I am a sucker for a great American novel, in particular ones set in college and this kind of fits into both those categories but with a twist. This was originally described to me as Wonderboys meets The Art of Fielding which isn’t necessarily true. Instead imagine a novel like Wonderboys or The Art of Fielding and then imagine what happens to the author and his family forty years later.
A.N. Dyer is the author of Ampersand, a seminal work of American literature set in a college in the 1950s. It was the defining book of his career and is still held in reverence forty years later. A.N. Dyer, Andrew, is now an old man. He has three sons, two with his wife and one from an affair that ended his marriage. Following the death of his oldest and closest friend Andrew, sensing his own imminent mortality, tries to repair his damaged relationship with his sons.

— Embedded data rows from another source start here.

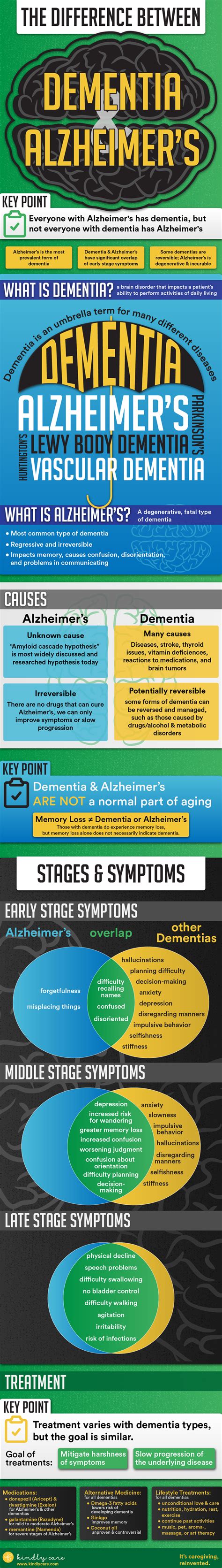 Dementia Vs Alzheimers What Is The Difference Carelinx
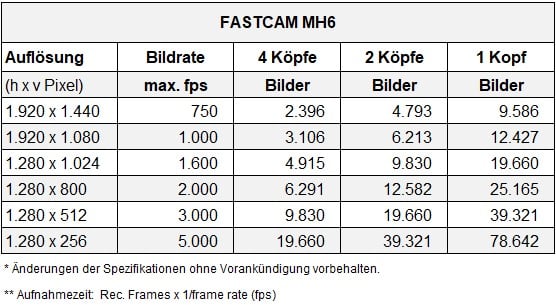 Mediadaten Mediadaten .XLSX 100% 10 pfvmobil 1 von 1 Kontext: B88 Auflösungsliste Photron FASTCAM MH6 Screenreader-Unterstützung aktiviert. Auflösungsliste Photron FASTCAM MH6 Screenreader-Unterstützung aktivieren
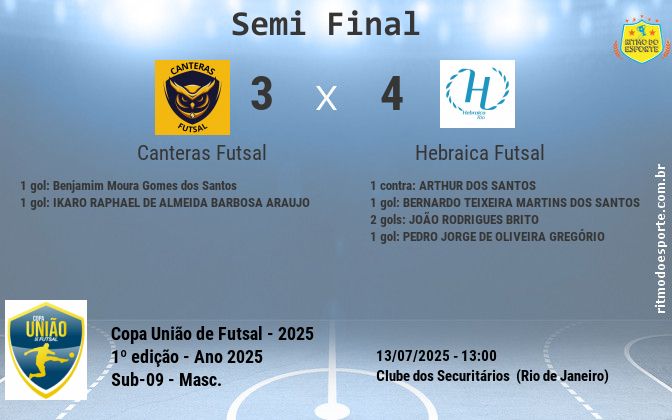 Resultado da partida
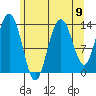 Stewart Glacier, Sawyer Island tide chart for Monday, August 9, 2021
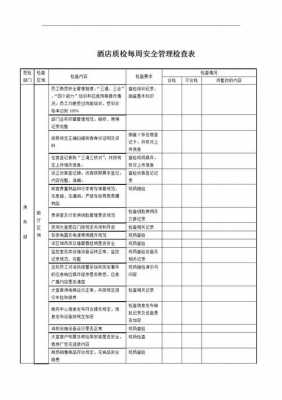 酒店安全检查自查表格-第3张图片-马瑞范文网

Gilbert treads a fine line throughout the book between satire and metafiction dipping in and out of each almost perfectly. He deftly blurs the lines between fact and fiction in his fictitious world. The way his dissects the publishing industry is wickedly brilliant but the core of the novel is the relationship between fathers and sons and the battles fought over legacy and individualism. The story is narrated by Philipp Topping, the son of Andrew’s recently deceased best friend, who I wouldn’t go as far to say is an unreliable narrator but he definitely has his own biases. The story does take a slightly odd turn but Gilbert keeps everything on the road.
A clever story of fathers and sons and a tragic exploration of the great American novel and it’s aftermath.